Il vecchio Giacomo, con il suo bastone di legno nodoso, avanzava lentamente verso la scuola che fungeva da seggio elettorale. La sua figura curva e fragile si muoveva a malapena visibile attraverso il velo di nebbia. Ogni passo era accompagnato dal suono leggero del bastone che toccava il terreno umido, un ritmo che sembrava scandire il tempo in quel mattino silenzioso.
"Buongiorno, Giacomo!" lo salutò Enrico, il postino, mentre lo sorpassava in bicicletta. La sua voce era un po' attutita dalla nebbia, ma riuscì comunque a trasmettere un tocco di allegria.
"Buongiorno, Enrico. Sei andato a votare?" rispose Giacomo con una voce roca, segnata dagli anni. Il suo viso era solcato da rughe profonde, e i suoi occhi azzurri avevano una luce di saggezza contrastata dalla stanchezza.
"Sì, sì. È un dovere, non è vero?" Enrico sorrise, ma il sorriso si spense subito mentre continuava la sua pedalata verso la fine della via.
Giacomo raggiunse finalmente la scuola. La porta, di legno scuro e malconcio, emise un lungo gemito quando la spinse. Entrò nell'atrio, dove un'unica lampadina appesa al soffitto proiettava una luce fioca e tremolante. L'aria all'interno era fredda e umida, e l'odore di muffa era pungente.
"Buongiorno, Giacomo," disse Lucia, la volontaria che presiedeva il seggio. "Documento, per favore." La sua voce era gentile.
Giacomo annuì e consegnò la carta d'identità, poi si avvicinò alla cabina elettorale. Le vecchie tende rosse coprivano l'ingresso, e la cabina stessa era un'ombra tra le ombre della stanza. La stoffa delle tende era consunta, e i bordi erano sfilacciati.
Mentre Giacomo entrava nella cabina, Lucia guardò il suo collega Marco. "Hai notato qualcosa di strano oggi?" sussurrò, cercando di non farsi sentire dagli altri elettori.
"Strano? No, tutto normale. Perché?" rispose Marco, con un sopracciglio alzato. Il suo viso era impassibile, ma gli occhi tradivano un lieve interesse.
Lucia scrollò le spalle, visibilmente a disagio. "Non so... questa nebbia è più fitta del solito. Mi mette a disagio."
Giacomo non uscì dalla cabina elettorale. I minuti passavano, e Lucia iniziò a preoccuparsi. "Marco, vai a controllare Giacomo. Non dovrebbe metterci così tanto." La sua voce tremava leggermente, e il suo cuore batteva più forte.
Marco si alzò e si avvicinò alla cabina. "Giacomo? Tutto bene lì dentro?" chiese, ma non ci fu risposta.
Marco spostò la tenda e guardò dentro. "Lucia... non c'è nessuno."

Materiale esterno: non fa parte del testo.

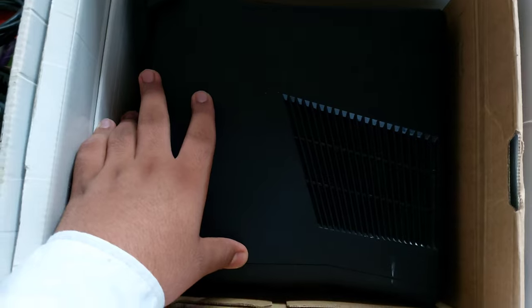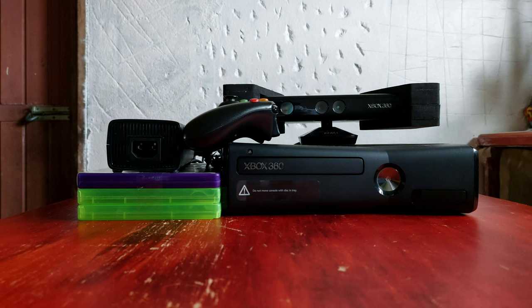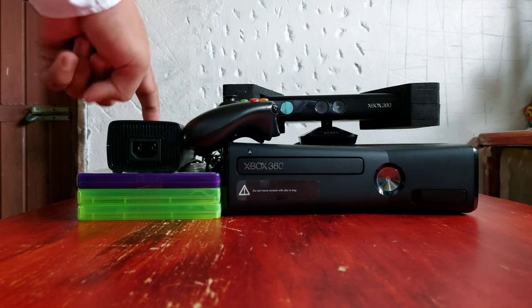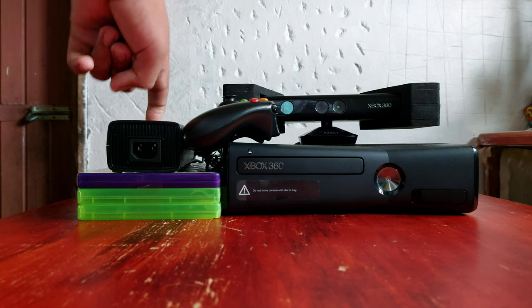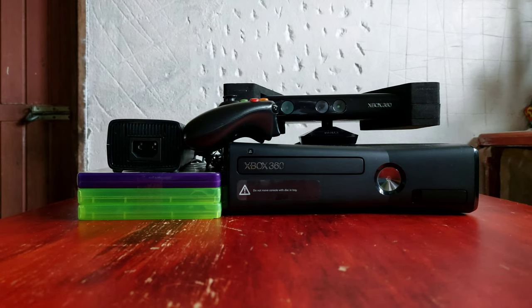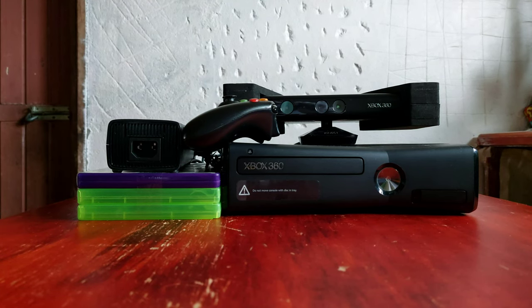Next up we have the Xbox itself. So these are the contents you basically get for $50: an Xbox 360 console, a controller, power box, a Kinect, and 3 games. In 2022, with the Xbox Series X and PS5, I don't think it's really worth buying this — but for 50 bucks, I'm gonna say this is a win-win.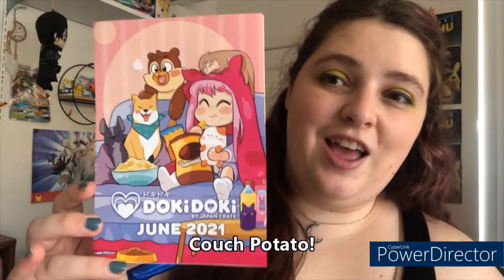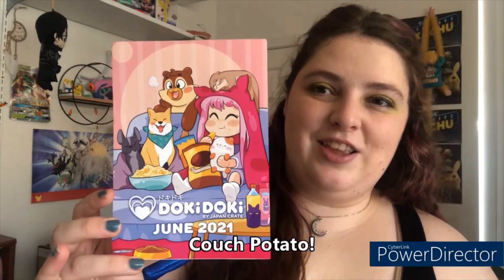It is still the June Doki Doki box, and the theme of this month is Couch Potato. Look at this cute brochure — I love the little doggies chilling with their mascot girl. I kind of like that it's a couch potato theme because if you're like me, living in a state where it is very very hot right now, who wants to be out and about during the day? Couch potato it is while we try and cool down and be chill, plus we still have to be mindful of the current state of the world. But yeah, let's dive right into what exactly makes this box couch potato.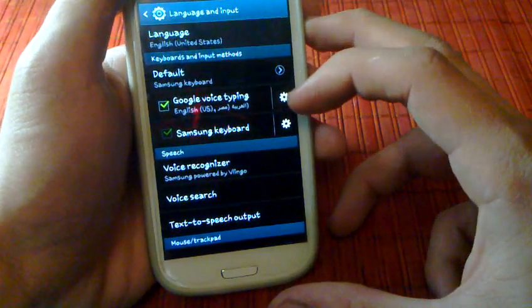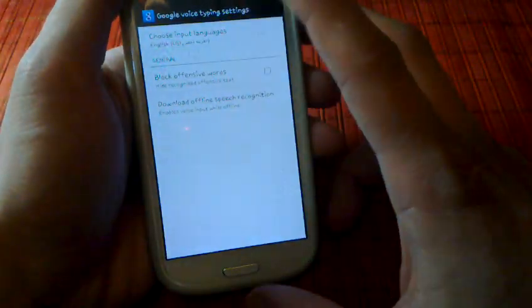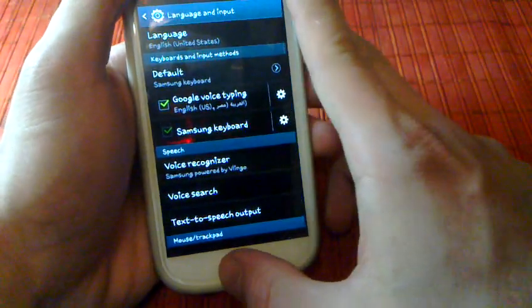From here, as you can see, Google Voice Typing is on. You just need to pick your languages and it works fluently.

"Come sarebbe a dire che non c'è nessuno?" Lucia si alzò in piedi, incredula. Entrò anche lei nella cabina, ma era vuota. Nessun segno di Giacomo. Le pareti della cabina sembravano stringersi su di loro, il buio era oppressivo.
La notizia della sparizione di Giacomo si diffuse rapidamente nel piccolo paese. "È scomparso! Giacomo è scomparso!" gridò Maria, la vicina di casa, mentre correva verso la piazza del paese. La sua voce rimbombava tra le case di pietra, e gli abitanti uscirono dalle loro case, scambiandosi sguardi preoccupati.
Il panico cominciava a serpeggiare tra le persone. "Dove può essere andato?" chiese uno. "Forse è uscito da un'altra porta," suggerì un altro, ma nessuno sembrava convinto. La paura cresceva, e con essa il mistero delle sparizioni.